What the exercise asks:
The answer must consist of every line from the data that holds the string "Belt".

Web page caption snippets:
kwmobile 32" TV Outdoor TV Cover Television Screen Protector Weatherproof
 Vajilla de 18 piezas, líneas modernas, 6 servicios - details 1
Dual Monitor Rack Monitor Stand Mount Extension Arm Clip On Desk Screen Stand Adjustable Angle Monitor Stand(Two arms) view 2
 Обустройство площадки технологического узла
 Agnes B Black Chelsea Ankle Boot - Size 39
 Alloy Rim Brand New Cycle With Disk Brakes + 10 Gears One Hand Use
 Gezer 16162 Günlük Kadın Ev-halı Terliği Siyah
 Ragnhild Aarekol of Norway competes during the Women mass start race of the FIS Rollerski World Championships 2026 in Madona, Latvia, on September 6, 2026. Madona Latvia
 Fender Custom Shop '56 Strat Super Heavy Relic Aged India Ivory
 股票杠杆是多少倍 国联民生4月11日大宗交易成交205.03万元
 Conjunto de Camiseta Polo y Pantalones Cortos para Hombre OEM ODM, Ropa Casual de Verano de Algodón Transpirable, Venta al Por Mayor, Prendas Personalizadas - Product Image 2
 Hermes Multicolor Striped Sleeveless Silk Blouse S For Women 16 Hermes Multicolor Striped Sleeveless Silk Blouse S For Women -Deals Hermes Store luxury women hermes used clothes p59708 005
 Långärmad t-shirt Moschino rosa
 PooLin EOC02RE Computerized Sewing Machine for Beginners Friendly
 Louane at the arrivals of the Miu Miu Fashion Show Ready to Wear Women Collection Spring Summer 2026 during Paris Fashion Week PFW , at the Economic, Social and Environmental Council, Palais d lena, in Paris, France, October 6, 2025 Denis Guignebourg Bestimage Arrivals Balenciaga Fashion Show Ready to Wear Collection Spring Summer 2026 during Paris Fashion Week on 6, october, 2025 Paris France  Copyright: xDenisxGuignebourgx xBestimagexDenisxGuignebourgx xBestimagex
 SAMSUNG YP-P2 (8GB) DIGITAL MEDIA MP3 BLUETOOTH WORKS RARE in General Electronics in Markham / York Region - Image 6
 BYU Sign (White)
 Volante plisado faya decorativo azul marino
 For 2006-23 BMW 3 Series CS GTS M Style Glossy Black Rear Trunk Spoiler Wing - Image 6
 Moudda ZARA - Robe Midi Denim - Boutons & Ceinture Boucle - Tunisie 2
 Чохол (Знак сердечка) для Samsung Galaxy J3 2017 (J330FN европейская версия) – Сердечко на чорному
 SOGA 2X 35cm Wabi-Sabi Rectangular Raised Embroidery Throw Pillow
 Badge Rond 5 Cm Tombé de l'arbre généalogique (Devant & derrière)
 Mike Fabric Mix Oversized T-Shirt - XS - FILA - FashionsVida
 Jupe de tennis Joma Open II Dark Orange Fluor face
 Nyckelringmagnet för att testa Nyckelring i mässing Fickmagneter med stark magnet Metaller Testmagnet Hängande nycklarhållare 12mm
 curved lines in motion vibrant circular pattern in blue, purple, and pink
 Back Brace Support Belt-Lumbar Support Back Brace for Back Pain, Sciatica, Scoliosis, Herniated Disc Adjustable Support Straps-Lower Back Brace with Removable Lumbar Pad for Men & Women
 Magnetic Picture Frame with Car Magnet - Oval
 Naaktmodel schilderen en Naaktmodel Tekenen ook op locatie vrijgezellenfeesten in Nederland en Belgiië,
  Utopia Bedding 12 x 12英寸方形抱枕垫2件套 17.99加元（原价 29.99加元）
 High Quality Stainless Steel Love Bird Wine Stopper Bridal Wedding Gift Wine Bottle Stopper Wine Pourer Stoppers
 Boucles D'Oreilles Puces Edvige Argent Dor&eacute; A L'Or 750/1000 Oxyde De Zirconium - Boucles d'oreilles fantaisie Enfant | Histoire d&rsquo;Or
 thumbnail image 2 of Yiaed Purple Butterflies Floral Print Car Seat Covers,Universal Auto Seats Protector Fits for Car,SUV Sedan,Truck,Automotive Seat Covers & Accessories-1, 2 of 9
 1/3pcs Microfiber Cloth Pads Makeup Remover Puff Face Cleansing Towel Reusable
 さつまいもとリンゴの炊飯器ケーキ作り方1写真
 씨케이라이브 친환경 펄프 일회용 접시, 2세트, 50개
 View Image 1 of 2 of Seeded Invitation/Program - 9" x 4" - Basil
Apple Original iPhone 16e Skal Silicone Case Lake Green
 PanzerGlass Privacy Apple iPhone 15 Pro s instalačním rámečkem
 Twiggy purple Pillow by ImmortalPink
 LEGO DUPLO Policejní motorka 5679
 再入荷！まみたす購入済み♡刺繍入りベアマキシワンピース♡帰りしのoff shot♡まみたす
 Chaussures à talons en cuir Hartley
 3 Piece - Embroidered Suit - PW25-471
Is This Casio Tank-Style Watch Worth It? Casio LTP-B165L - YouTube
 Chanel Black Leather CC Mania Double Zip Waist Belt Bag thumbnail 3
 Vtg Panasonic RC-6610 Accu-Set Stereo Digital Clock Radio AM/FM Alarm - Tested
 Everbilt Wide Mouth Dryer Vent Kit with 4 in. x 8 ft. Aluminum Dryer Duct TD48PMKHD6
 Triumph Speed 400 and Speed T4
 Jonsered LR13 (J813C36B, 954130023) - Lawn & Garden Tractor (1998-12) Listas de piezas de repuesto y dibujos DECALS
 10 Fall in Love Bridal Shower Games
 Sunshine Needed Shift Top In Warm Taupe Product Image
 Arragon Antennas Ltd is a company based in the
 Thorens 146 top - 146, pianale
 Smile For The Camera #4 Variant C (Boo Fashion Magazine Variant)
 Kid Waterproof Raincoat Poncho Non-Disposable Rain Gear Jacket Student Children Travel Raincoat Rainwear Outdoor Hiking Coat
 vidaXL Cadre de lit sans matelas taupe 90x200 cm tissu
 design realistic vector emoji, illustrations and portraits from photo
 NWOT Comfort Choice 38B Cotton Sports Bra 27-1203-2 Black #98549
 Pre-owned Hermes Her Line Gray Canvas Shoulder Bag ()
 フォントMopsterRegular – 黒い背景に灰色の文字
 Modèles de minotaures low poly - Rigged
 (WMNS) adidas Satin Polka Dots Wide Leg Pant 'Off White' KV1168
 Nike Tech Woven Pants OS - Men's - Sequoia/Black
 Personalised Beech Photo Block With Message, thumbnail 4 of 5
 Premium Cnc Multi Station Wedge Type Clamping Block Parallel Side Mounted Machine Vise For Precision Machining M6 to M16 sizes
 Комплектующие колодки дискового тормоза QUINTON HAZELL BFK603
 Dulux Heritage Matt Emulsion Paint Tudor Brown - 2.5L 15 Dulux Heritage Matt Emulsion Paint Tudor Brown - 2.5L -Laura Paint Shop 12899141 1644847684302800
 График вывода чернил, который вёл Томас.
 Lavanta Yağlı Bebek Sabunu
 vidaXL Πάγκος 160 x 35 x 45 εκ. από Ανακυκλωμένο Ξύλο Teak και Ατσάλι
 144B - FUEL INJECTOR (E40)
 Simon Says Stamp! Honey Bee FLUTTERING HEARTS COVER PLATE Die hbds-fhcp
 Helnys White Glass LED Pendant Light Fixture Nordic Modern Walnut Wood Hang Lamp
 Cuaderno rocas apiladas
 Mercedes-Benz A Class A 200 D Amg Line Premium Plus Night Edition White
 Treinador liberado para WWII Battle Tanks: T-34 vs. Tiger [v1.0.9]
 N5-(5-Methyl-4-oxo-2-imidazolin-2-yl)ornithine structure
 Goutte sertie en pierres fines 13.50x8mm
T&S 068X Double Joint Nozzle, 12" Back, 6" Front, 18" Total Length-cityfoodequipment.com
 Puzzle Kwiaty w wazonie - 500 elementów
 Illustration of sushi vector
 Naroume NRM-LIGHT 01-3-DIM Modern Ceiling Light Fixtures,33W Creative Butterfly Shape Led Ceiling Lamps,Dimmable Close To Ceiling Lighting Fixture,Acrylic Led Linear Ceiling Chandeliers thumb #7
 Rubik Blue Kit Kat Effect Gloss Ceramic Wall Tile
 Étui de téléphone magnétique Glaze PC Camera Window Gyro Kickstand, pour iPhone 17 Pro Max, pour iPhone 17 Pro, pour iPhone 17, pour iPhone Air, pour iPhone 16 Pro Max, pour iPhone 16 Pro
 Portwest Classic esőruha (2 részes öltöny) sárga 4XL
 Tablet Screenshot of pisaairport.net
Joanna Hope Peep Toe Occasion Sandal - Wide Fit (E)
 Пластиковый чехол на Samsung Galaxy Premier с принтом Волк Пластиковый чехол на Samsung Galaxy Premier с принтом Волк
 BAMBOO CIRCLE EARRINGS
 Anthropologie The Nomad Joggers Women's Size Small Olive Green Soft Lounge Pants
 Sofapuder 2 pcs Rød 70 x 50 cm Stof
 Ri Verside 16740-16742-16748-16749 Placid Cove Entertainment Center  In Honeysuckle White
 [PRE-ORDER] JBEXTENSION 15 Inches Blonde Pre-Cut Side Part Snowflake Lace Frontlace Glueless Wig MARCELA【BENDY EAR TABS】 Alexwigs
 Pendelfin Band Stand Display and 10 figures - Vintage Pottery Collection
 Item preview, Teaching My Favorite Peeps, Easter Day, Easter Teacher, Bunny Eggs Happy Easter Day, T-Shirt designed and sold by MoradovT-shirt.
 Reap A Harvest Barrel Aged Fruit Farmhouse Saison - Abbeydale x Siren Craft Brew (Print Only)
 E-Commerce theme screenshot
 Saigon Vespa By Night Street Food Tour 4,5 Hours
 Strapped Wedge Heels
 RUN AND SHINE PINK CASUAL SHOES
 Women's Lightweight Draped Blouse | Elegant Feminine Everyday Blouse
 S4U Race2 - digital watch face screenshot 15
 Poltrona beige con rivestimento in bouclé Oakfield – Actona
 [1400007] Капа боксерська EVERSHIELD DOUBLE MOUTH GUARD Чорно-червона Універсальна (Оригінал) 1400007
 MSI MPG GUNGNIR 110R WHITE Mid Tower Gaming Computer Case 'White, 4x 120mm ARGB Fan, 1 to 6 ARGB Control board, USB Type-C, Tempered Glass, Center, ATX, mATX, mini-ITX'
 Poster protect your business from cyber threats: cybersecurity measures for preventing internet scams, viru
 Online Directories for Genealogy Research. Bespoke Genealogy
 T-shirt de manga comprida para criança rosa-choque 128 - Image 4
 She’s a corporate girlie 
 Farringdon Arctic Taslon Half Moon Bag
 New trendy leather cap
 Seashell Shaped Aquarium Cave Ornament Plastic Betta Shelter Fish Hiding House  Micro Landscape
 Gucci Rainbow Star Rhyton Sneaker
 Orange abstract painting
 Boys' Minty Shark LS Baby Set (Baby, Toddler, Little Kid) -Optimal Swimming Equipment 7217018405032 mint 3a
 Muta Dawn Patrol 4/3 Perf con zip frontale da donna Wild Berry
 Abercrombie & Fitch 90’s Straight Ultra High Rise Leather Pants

Task answer:
 Back Brace Support Belt-Lumbar Support Back Brace for Back Pain, Sciatica, Scoliosis, Herniated Disc Adjustable Support Straps-Lower Back Brace with Removable Lumbar Pad for Men & Women
 Chanel Black Leather CC Mania Double Zip Waist Belt Bag thumbnail 3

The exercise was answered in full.